What are they building in there?
The Langhorne Carpet Company is one of the last manufacturers of woven carpets. Most carpet is now made by computerized “tufting” — a row of needles knitting carpets to a backing material and binding them with glue.
The company in Bucks County, however, uses mechanical looms that haven’t changed much since the Industrial Age, when Philadelphia was dubbed “The Workshop of the World.”
Punch machines, counterweights, spinners, yarn racks, shuttles and 30-ton iron looms carefully fold warp into weft. To stand in the middle of the mill is to hear a symphony of industry.
The company was started in the 1930s by John Kommer with his son. Eighty years later, some of those original machines are still on the mill floor, and the family is still in the office. Kommer’s great-grandchildren, Bill Morrow and his sister Winifred, are still turning out carpets of the highest quality.

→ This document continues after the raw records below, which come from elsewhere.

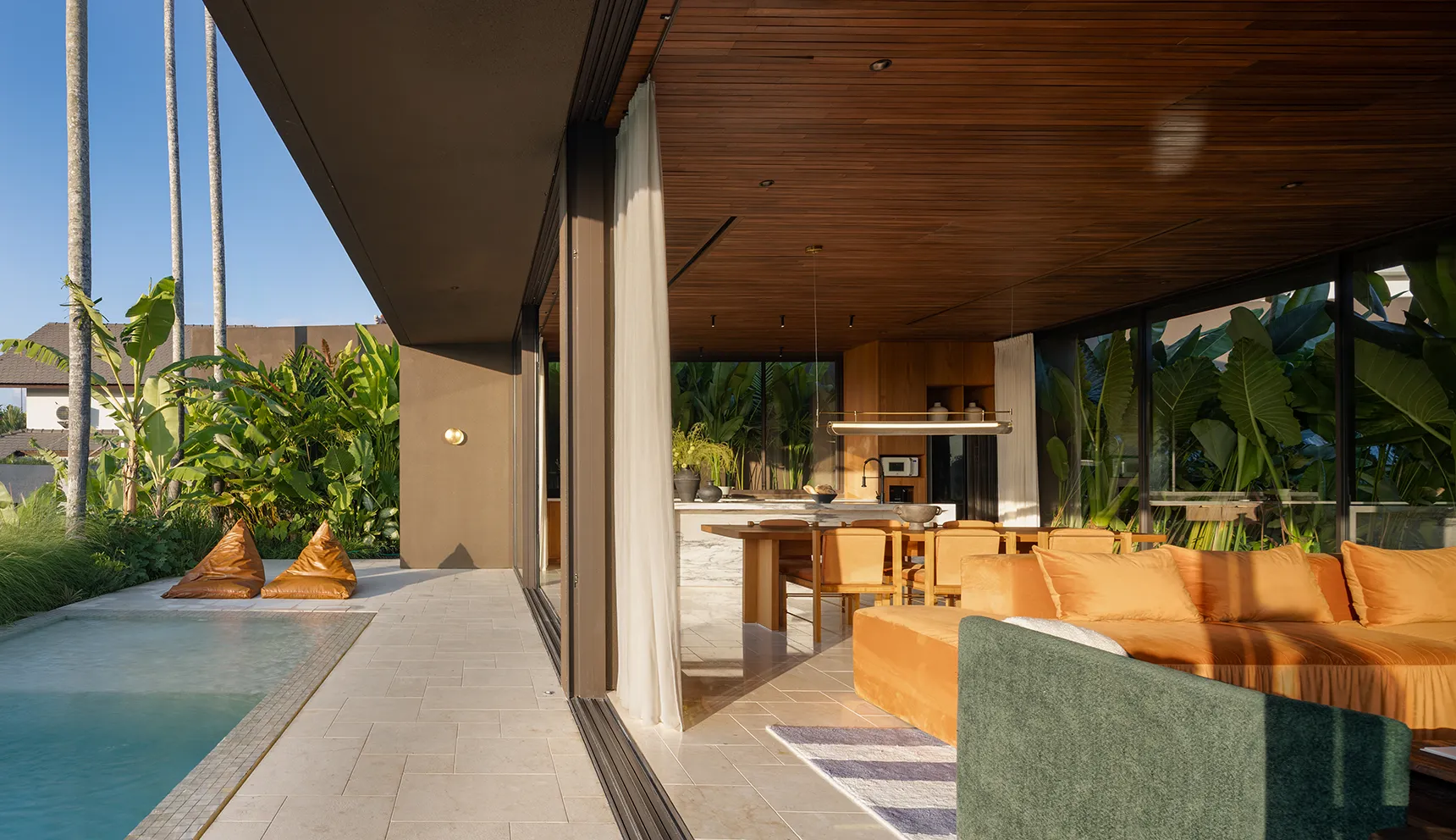 Casa Marrom Architecture & Interior Design in Badung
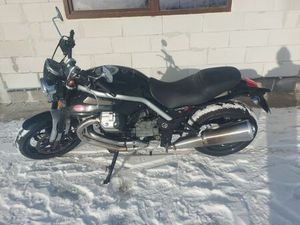 MOTO GUZZI 1200 GRISO NOWA ZBLICHA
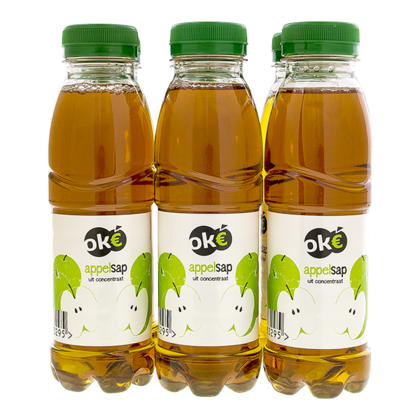 Budget Huismerk Appelsap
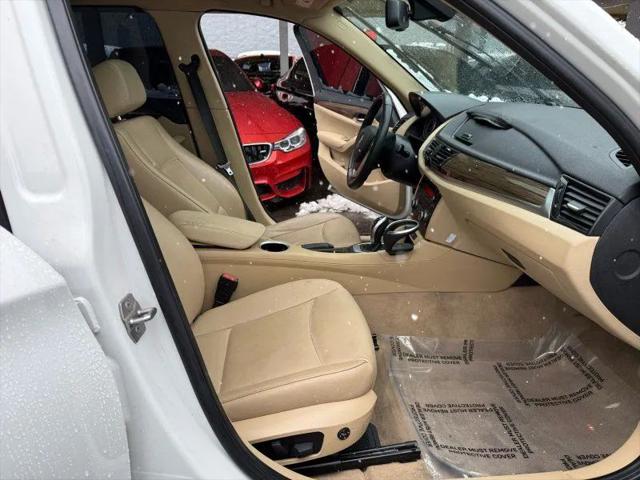 2015 BMW X1 sDrive28i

Their work can be seen in the extravagantly ornate meeting rooms of Philadelphia’s Masonic Temple, in the historic Old Statehouse in Boston, and in the Virginia Statehouse.
The distinction is the weaving, says Bill Morrow. Woven carpets are able to create designs with richer detail than tufted carpets, and the piles can be adjusted to create subtle textures. “It’s not sold by price,” says Morrow. “It’s sold by quality.”
The carpets are woven using techniques that haven’t changed much since the 19th century.
“It’s basically a punch-card system,” says Morrow. “The closest thing is a player piano.”
A rack the size of a delivery van holds more than 3,000 spools of yarn. Each thread is delicately drawn through a tiny hole in a jacquard (a thin wooden slat) punched with the design of that particular carpet, be it floral, paisley or hound’s-tooth.
The Langhorne Carpet Company is sought-after because it can re-create old carpeting when only a few square inches of the original pattern still exist.
Sometimes not even that much. For the Boston Statehouse, they only had a painting of President John Adams standing on the carpet. “It’s detective work,” says Morrow.
Some of the specialty design work is done by Morrow’s mother, Winifred Morrow Sr., 88. She ran the factory in the 1950s when her husband did the selling. After spending most of her life in the carpet business, she still loves it.
“It’s very gratifying when you see a well-woven piece of carpet come out of the finishing room,” she said. “It’s an accomplishment, you feel as though you’ve done something. It’s there, you can hold it in your hand.”
Their carpets can not only be seen at, for example, Tavern on the Green in Central Park, but the sound of the factory has been used, as well. An artist at the Fabric Workshop and Museum in Philadelphia once used the clanking rhythm of their iron looms for an installation piece.